WHAT YOU WILL DO: Pictures are to be dropped from the copy. Retype the listing exactly.

DATA SECTION:
Start of Block

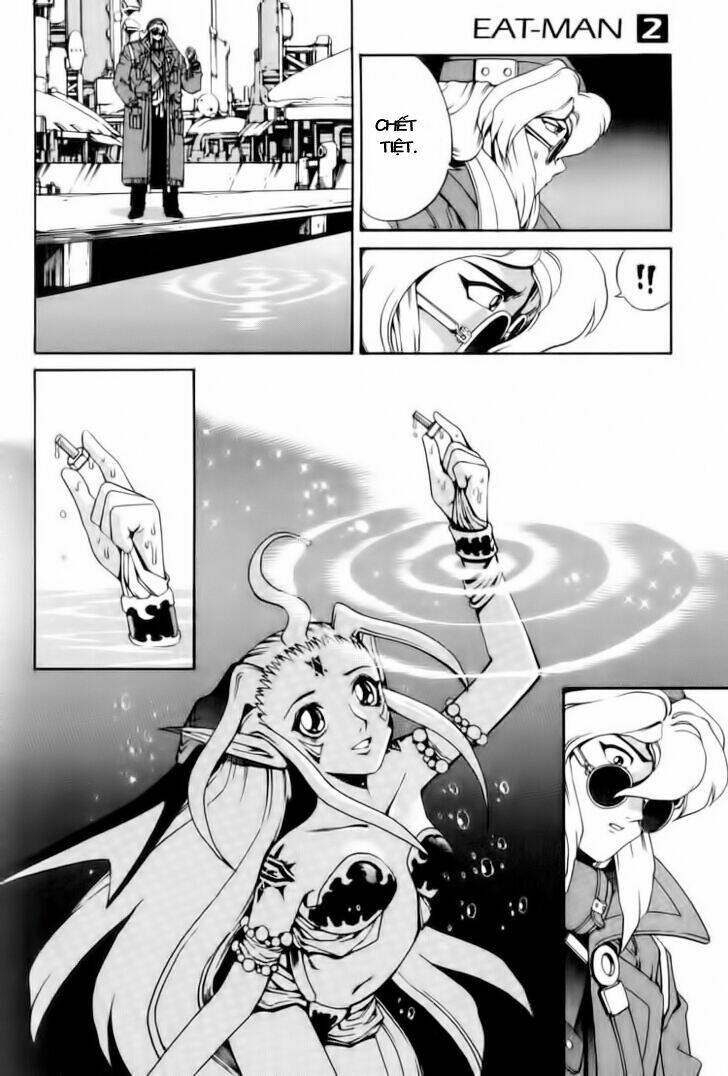 eat-man - hiệp sĩ ốc vít chapter 10 4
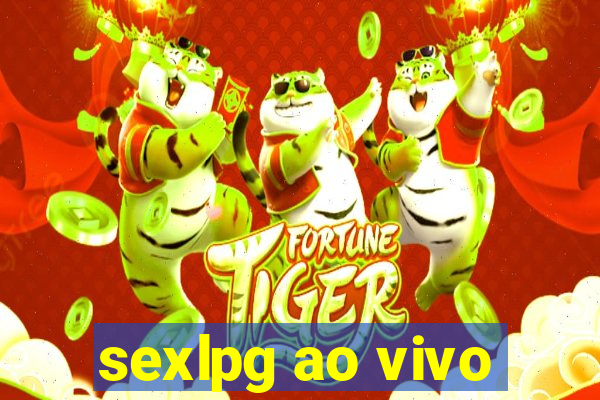 sexlpg ao vivo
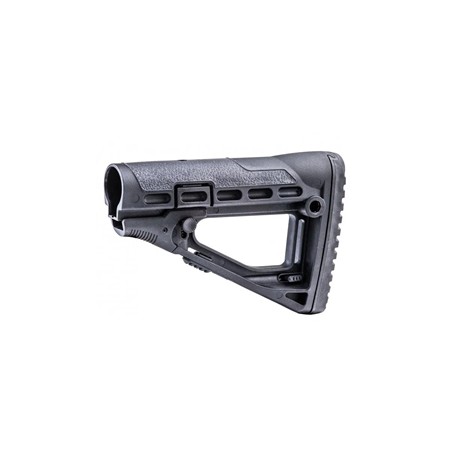 Crosse Retractable Caa Tactical Sbs Squelette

End of Block

TASK SOLUTION:
 eat-man - hiệp sĩ ốc vít chapter 10 4
 sexlpg ao vivo
 Crosse Retractable Caa Tactical Sbs Squelette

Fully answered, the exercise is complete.